Staining of Pph with RedoxSensor green (RSG) and propidium iodide (PI) was performed using the BacLight RSG vitality staining kit (with additional staining with Hoechst 33342 dye [both from Thermo Fischer Scientific, USA]). To determine the impact of the combined fluorescence dyes on the culturability of Pph, 10 μl of 1 mM RSG, 10 μl of 20 mM PI, and 15 μl of 1 μM Hoechst 33342 were added to 1 ml of a stationary-phase Pph culture and incubated in the dark at room temperature for 30 min. Stained cells and unstained control cultures were washed twice and diluted in 0.8% NaCl and plated onto King’s B agar. Numbers of CFU from stained and unstained cells were recorded. The same procedure was used to assess the impact of DRAQ7 and RSG costaining on the culturability of Pph. Ethanol-killed cell populations were generated by resuspending stationary-phase Pph in phosphate-buffered saline (PBS) at an OD600 of 0.2, adding an equal volume of 70% ethanol for 15 min, and washing the cells twice with PBS prior to staining them.

Pph cultures at log and stationary phases were treated with streptomycin (5 h) or tailocin (4 h) as described above. Total cells were enumerated by hemocytometer counting under a phase-contrast microscope. Culturable cells were enumerated by dilution plating after the cells were washed twice with saline (0.8% NaCl). Agarose pads (1.5%) were prepared on glass slides as previously described (59). Treated and untreated cells (10 μl) were amended with 0.1 μl RSG (1 mM), 0.1 μl PI (20 mM), and 0.15 μl Hoechst 33342 (1 mM) and incubated for 10 min in the dark. One microliter of culture was placed on the middle of the agarose pad. Images were collected using a Zeiss Axio Imager M1 fluorescence microscope within 20 min of placement of the cells on the pad. Multichannel images were captured using FITC (fluorescein isothiocyanate), rhodamine, and DAPI (4′,6-diamidino-2-phenylindole) filter sets in Zen 2.6 (blue edition) software. For each of four independent experiments, 10 fields were imaged across at least three different slides per treatment. All cells were counted in each image, totaling a range of 1,000 to 1,700 cells for each treatment and time point in each experiment, except for the tailocin 4-h time point, for which there were 650 to 700 cells in the 10 fields. Single cells were classified into five staining categories (green/blue, red/green/blue, red/blue, blue, or unstained) by visual comparison of the same cell under three different channels and in phase contrast. Cell counts were recorded by clicking on each cell using the Cell Counter plugin in Fiji (60). The intensity and roundness of selected cells were measured using the MicrobeJ plugin in Fiji (61).

Flow cytometry.

The physiological states of streptomycin- and tailocin-treated cultures were evaluated through redox and cell integrity staining, followed by flow cytometric analysis. Four treatments were selected for flow cytometry: stationary-phase Pph culture, stationary-phase culture treated with streptomycin or tailocin as described above, or stationary-phase culture treated with 100 μg ml−1 carbonyl cyanide m-chlorophenylhydrazone (CCCP; Sigma-Aldrich) for 3 h. Stationary-phase cells were washed in saline and resuspended in saline to an OD600 of 0.2 before treatment. After treatment, Pph cells were washed twice with PBS, and then the bacterial suspension was stained with RSG (1 ml bacterial suspension was incubated with 1 μl of RSG working solution [1 mM] and 3 μl DRAQ7 working solution [3 mM] for 30 min in the dark at room temperature). Stained samples were analyzed on the BD FACSAria-II at the Yale Flow Cytometry Facility (Yale School of Medicine, New Haven, CT, USA). Excitation wavelengths were 488 nm and 633 nm. Fluorescence was collected with a 530/30-bandpass filter for RSG and with a 710/25-bandpass filter for DRAQ7. Data analysis was performed using BD FACSDiva 8.0.1 and FlowJo 10.6.2.

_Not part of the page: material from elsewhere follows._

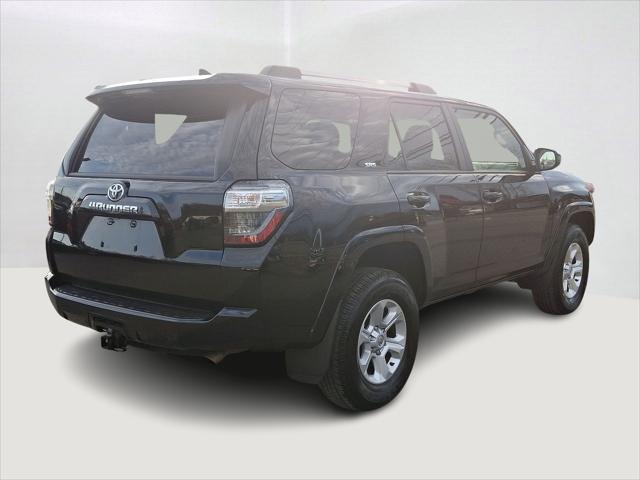 used 2024 Toyota 4Runner car, priced at $43,990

Fluorescence-assisted cell sorting (FACS), culturability, and virulence tests.

During flow cytometry, the forward scatter/side scatter (FSC-A/SSC-A) dot plots of each isolate were used to define the total bacterial population. Doublets and debris were excluded via the contour and dot plots. Based on 50,000 sorted events, regions of green and red fluorescence intensity defined by stationary-phase, ethanol-killed, and unstained Pph cells were used to define three gates associated with bright redox signal intensity (G1), medium intensity (G2), and low intensity (G3) among intact cells. Cultures were aseptically sorted into tubes until 107 events were collected or, for low-density gates, until the entire suspension was sorted. Collected fractions were adjusted to a final concentration of 0.1% sterile peptone buffer, a common diluent used in Pph enumeration (62), in a final volume of 1 ml. Isolated dots outside the polygon were not included in the analysis.

For culturing studies, sorted fractions were centrifuged at 13,000 rpm for 2 min, and pellets were resuspended in 50 μl PBS. Twenty-microliter aliquots of the suspension were serially diluted, and 5 μl was spotted in triplicate on King’s B agar plates. Colonies were enumerated after 48 h of incubation at 28°C.

Sorted fractions were inoculated on detached bean pods according to the method of Bozkurt and Soylu (63). In brief, mature bean pods (from 50-day-old plants) were collected, washed in distilled water, surface sterilized in 70% ethanol, and pierced using sterile 10-μl pipette tips. Thirty microliters of the 50-μl concentrated sorted fraction was placed on the wound. Inoculated pods were stored in sterile plastic containers lined with moist Whatman filter paper and incubated in a 28°C chamber. Disease symptoms were recorded at 5 days after incubation.

Pph inoculation to bean plants.

Fifteen-day-old bean plants were inoculated with untreated, streptomycin-treated, tailocin-treated, or streptomycin- and tailocin-treated stationary-phase cultures of Pph. Treated cultures were prepared using the methods and ending time points described for stationary-phase killing curves, with streptomycin-tailocin combination treatments incubated for 4 h. Untreated cultures were diluted in PBS to an OD of 0.0001, and single-antibiotic-treated cultures were diluted to achieve the same concentration of culturable cells as the untreated inoculum (Fig. 6A) or the same concentration of RSG-staining cells as the untreated inoculum (Fig. 6B). Concentration adjustments were made based on observations from repeated prior experiments. Two hundred microliters of inoculum was used to infiltrate the underside of the primary leaves of bean plants using 1-ml BD syringes. Samples from infiltrated areas were collected at 0, 1, 2, and 5 days postinfection (dpi) using a 1-cm cork borer. Leaf discs were collected into a 1.5-ml tube containing 200 μl 10 mM MgCl2 and homogenized using disposable pellet pestles (Fischer Scientific). Homogenates were serially diluted on King’s B agar supplemented with 50 μg ml−1 nalidixic acid, to which Pph is genetically resistant, and CFU were enumerated after 48 h of incubation at 28°C.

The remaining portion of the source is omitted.